The 5-inch-long salamander floats in a jar of alcohol, oblivious to the controversy careening around the legislative halls of Harrisburg these days. A red ribbon tied around the neck of the jar makes it stand out from the Academy’s other 16,000 amphibian specimens carefully lined up on shelf after shelf.
This little amphibian, called Wehrle’s salamander, is special because it is a type specimen—the specimen on which the description and name of a new species is based. Wehrle’s salamander also is special because a Pennsylvania House member has proposed designating it the state’s Official Amphibian.
But this little guy has stiff competition in the political arena. The state Senate recently voted 47-2 to name the Eastern hellbender the state’s Official Amphibian.

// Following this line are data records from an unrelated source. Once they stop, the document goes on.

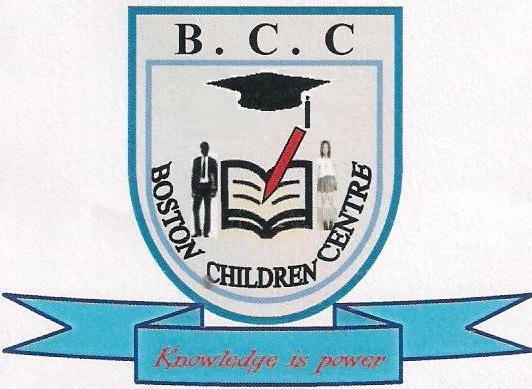 WhatsApp Image 2025-05-16 at 12.16.10_2af84191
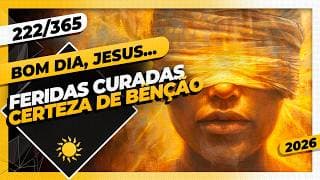 Inteligência Ltda podcast cover art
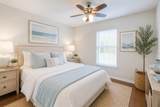 1360 Chris Avenue - Photo 5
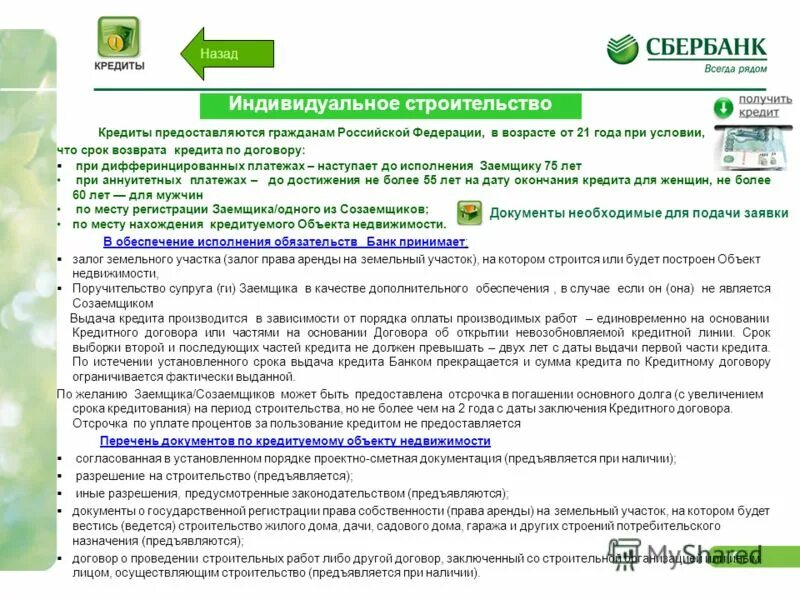 Сбербанк срок возврата денег. Возврат на кредитную карту Сбербанка. Срок возврата кредита. Погашение кредитной карты Сбербанка. Кредитная карта Сбербанка: условия погашения.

Chances are most of the lawmakers don’t know about the Academy’s connection to Wehrle’s salamander. But Academy Herpetology Collection Manager Ned Gilmore practically can rattle it off the top of his head.
“Henry W. Fowler, the Academy’s curator of Ichthyology, and Emmett Reid Dunn, a Haverford College herpetologist and honorary Academy curator of reptiles and amphibians, published a paper in 1917 in Proceedings of the Academy of Natural Sciences of Philadelphia describing the new species of salamander,” Gilmore said. They named it for R.W. Wehrle, who collected the specimen at a place called Two Lick Hills in Indiana County, Pa.
Wehrle donated over 700 other reptile and amphibian specimens that he collected to the Academy as well.
There are 22 different salamander species in Pennsylvania. Nine of them are found throughout the state, others only in certain areas, according to Gilmore. Salamanders are key environmental indicators because they are sensitive to changes in the environment such as changes caused by pollution and climate change.
Other than being salamanders, the hellbender and the Wehrle’s don’t share too much in common.
The hellbender is the largest salamander in North America and the third largest in the world. It can grow to 29 inches and weigh up to 5 pounds and lives in water. In Pennsylvania it occurs in the Susquehanna River watershed and watersheds west of the Susquehanna, but not the Delaware Watershed. The state considers the Hellbender of “special concern” because of poor water quality in some areas.
Wehrle’s salamander grows to only 4 or 5 inches long and lives under rocks and deep in crevices in forests across the eastern U.S. They are common in Pennsylvania.
Of course the Academy has hellbenders in the collection, but Wehrle’s salamander will always hold a special place on the shelf.